The truth of the procurement scams will take a while to come to light. However, I have seen payments confirming how county governments “eating” taxpayers money.
How can a county justify the purchase of 10 boxes of biro pens for KES 200, 000 and 2 thirty two inch televisions for 300,000? From the sh500, 000 paid in this instance sh440, ooo was “eaten”. A whooping 88 percent lost. What about contracts running into billions of shillings?
“To do business with counties and not give kickbacks is impossible. These days everyone in the process wants a kickback and you are luck if you have 50 percent of the contract value left, tells one seasoned “tenderpreneur”.
To beat the kickbacks, vendors inflate costs so that the contract value includes the kickbacks. As a result, more money ends up in individuals pockets than in actual purpose.
To facilitate kickbacks, the county decision makers are also engaging in a lot of nepotism since they cannot trust complete strangers to deliver kickbacks.
By passing IFMIS and GPAY
The Integrated Financial Management Information Systems (IFMIS) was installed for a unified financial management system across all governments.
Payments should be processed through IFMIS which is integrated with the Central Bank‘s G-Pay system which remits the money directly to the supplier account.
County governments and Assemblies are bypassing these systems and paying the vendors directly. Therefore, there’s no track of who is getting paid, most likely, these are briefcase companies owned or linked to the county leaders and staff.

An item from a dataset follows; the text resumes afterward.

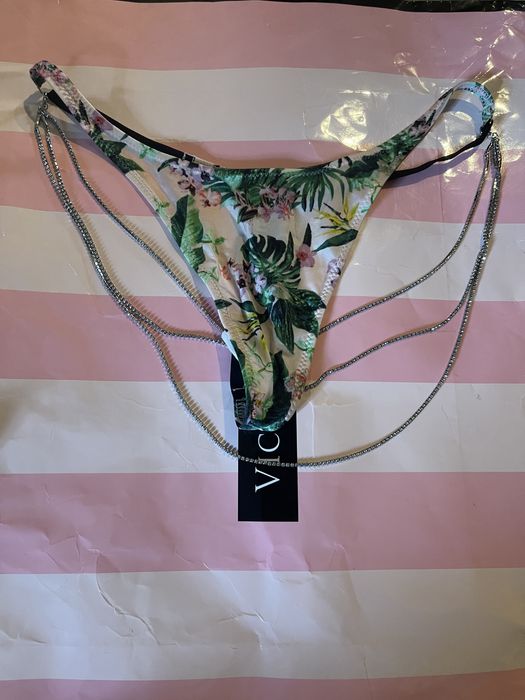 Lenjerie intima Victoria’s Secret
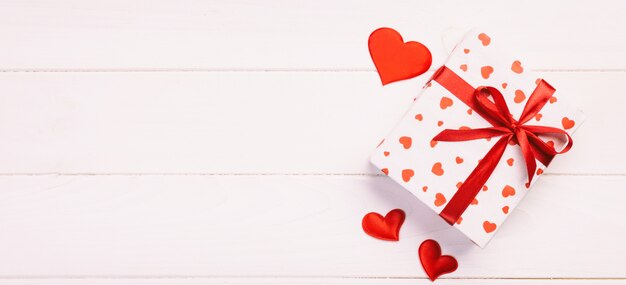 caixa de presente com corações, papel de embrulho e corações de têxteis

Some of the counties that have been flagged for not using or intermittently using IFMIS include Bomet, Kisumu, Marsabit, and Embu. They blame it on almost always on connectivity issues or lack of trained staff. All these billions later and county governments cannot solve an internet connection problem or get staff properly trained.
High Recurrent Expenditures
Channeling money from counties has taken another direction with “legitimate” expenses being piled on the county governments for eating. In some counties, recurrent expenditure exceeds actual funds released for recurrent activities. Not all recurrent expenditure is corruption, salaries have to be paid, utility bills cleared on time and cars fueled. However, if your county spends 80 percent of the revenue on recurrent expenses, look closely because it means that development is no longer important to them. If they seem more interested in tying down as much of the money to recurrent expenses, that is a massive red flag and you should be concerned about that.
Kenya may have the most widely traveled MCA’s in Africa. Dubious but unfortunately true. They have been everywhere in the world to learn and benchmark. If only they took lessons in prudent management of resources. MCA’s have turned travel into the biggest cash cow under devolution after their sitting allowance.
Within the counties, MCA’s are abusing the imprest system and per diems to claim for monies even when they fail to take a trip. In Nairobi, Vihiga, Taveta, Nakuru there are alleged false claims, exaggerated amounts and the surrender forged receipts for reimbursement.
We need to be watchful, lest devolution creates a few millionaires in every county at the expense of millions of poor people.